The GPS antenna holder was designed against my board, and the little notch is supposed to "clip" underneath the nearest pin of the antenna... if the pins of your antenna don't allow for this, you'll likely need to trim that arm back so it doesn't run into the pins, and if the antenna holder winds up moving too much without this, you may want to find an alternative way to secure the antenna holder (hot glue?), or just leave the GPS antenna in the stock position on top of the battery holder. Lots of people use this configuration without issue.
Also note... I saw another case which had a GPS antenna holder, but it mounted the GPS sideways... the metal dot on the GPS antenna is supposed to point a the sky, so make sure however you mount the GPS antenna, it's oriented so that the dot is in the "up" position most of the time when you're using it... it can certainly work in other orientations, but if you want the best performance, point it at the sky.

USB Insert - 1.Xmm.stl
This is just a simple insert that goes around the USB plug and covers the surrounding hole to make it look cleaner and possible keep out debris... due to possible differences between boards, it's designed to hook around the board/port, and "float" over the opening in the case
Because of differences in USB cables... you may have problems with certain cables not plugging in all the way with this insert
Designed in 3 different thicknesses (between the "face" of the USB port and the inside of the case), to hopefully account for different USB ports and mounting distances... for my boards, the 1.8mm size was the right fit

Buttons_0.6mm_nozzle.stl
This is a simple remix of the buttons thekwijibo made, because his design was too fine to work with the 6mm nozzle I have in my printer.
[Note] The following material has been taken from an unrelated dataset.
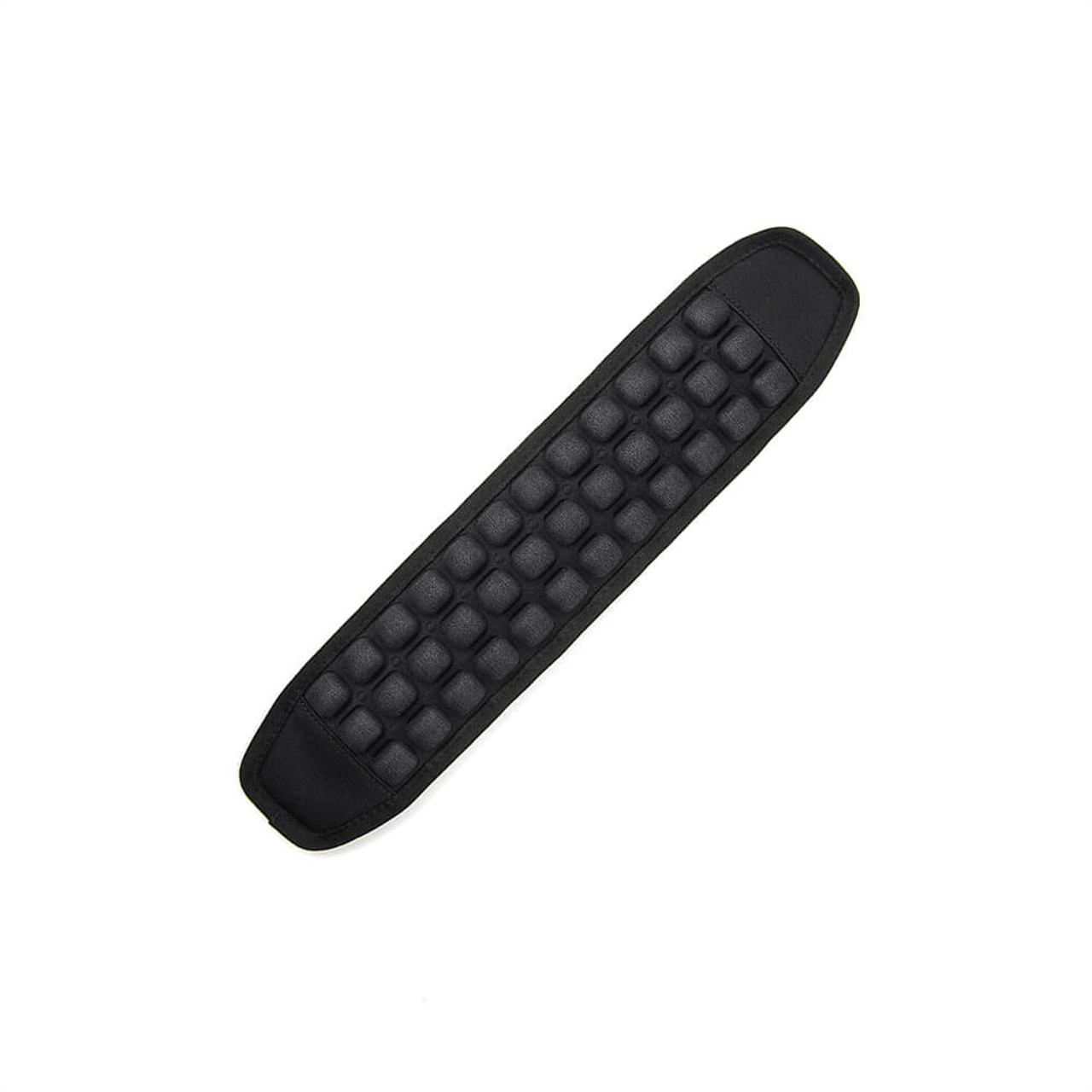 D'addario Comfort-Boosting Foam Shoulder Pad for Strap Relief, product image from Cggeorgallis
This design should also print fine on smaller nozzles

Buttons_0.6mm_nozzle_short.stl
Same as above, but I also shortened the buttons down, so they sit flush with the case. These buttons are much harder to find just by touch (if you have this need, you could remix the buttons with some texture on top to help with this), but they are plenty easy to press even though they are flush with the case.
The original button height makes the buttons easier to press (especially if you're wearing gloves, or trying to operate blindly), but the buttons also stand so proud that you can press them just by setting the radio down on the "bottom" of the case.

The rest of the files included are unchanged from the original design. I beleive "Case.stl" and "096_Body.stl" are largely the same, with just a difference in screen size. For my radios, I printed "Case.stl", since that matched the naming convention of "Lid.stl", all the images you see of my radios in this design are using the "Case.stl" model.
General note, when printing PETG, I've noticed vertical holes seem to "shrink" more than PLA (in this model, it can play a factor in the button and antenna holes, which I have not modified at all from thekwijibo's original model). I suspect this is due to PETG being higher temp and also slightly more elastic than PLA, so when it's printing around a hole, it's basically stretching a molten rubber band around the edge, which winds up pulling itself in further... I believe lowering the temp or slowing the speed might help with this, but I haven't messed with it enough to really say for sure.